Thursday, September 23, 2010

Quilt History in Florida

Hello again! There are lots of quilty things going on in this area. I'd probably know these things a lot sooner if I made it to the local quilt guild meetings, but something always comes up at the last minute.

First off is the Pensacola Museum of Art, which has a new exhibit, "Quilt Art:International Expressions" that I plan to go to this Saturday. Can you believe I have lived here 6 years, and I haven't made it to any one of the local museums? Not once. And I LOVE art! It is supposed to rain all weekend, so a museum trip will be perfectly in order.

Secondly, there is going to be an exhibit starting the end of October in Tallahassee at the Museum of Florida History.  The 29th Annual Capital City Quilt Show: The Garden Party goes through January. There will be over 100 quilts on display. You can see some of the quilts from the book I am reading if you go to that page linked above.

To prepare for that trip (and to keep me busy while my machines are in the shop) I have been re-reading the book Florida Quilts, which covers the history of our state from the 1500s! and the women who lived here as pioneers, through the Civil War hardships, and the quilts they made. Quilts up to the 1980s are included too. The information on the early days of quilt-making here makes me feel like such a slacker. I cannot ever imagine living here in summer without air conditioning, but they did it, and in layers of petticoats and long skirts! They grew gardens year round to feed themselves and made their own quilting supplies. That includes the batting and cloth, people. When you read the stories and see their handiwork, you'll be in awe. This is a 1992 book, so libraries should have it.
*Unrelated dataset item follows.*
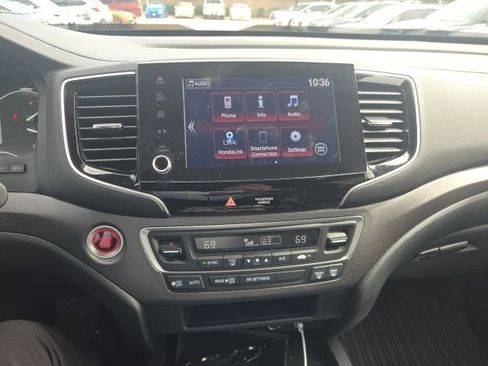 Used 2023 Honda Ridgeline Sport image 11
I am a pioneer of sorts. The first I know of in my family to make quilts, so I don't know what it is like to learn from a grandmother, be part of a quilting bee, or hand piece or applique like they used to. Those are some of the most fascinating things about books like this. The pictures of women gathered around a quilting frame that is typically stored on the living room ceiling. Quilt that are so detailed - all made completely by hand. The stories of freed slaves who used only what was on hand to make and fill their quilts to keep warm in winter...this was not just a hobby to them. Yes, it was a creative outlet, but it was very necessary and they took the time to make beauty in the necessity.

I count myself very lucky to have not only piles of fabrics to chose from, but all the notions and comforts that make modern quilt-making a breeze.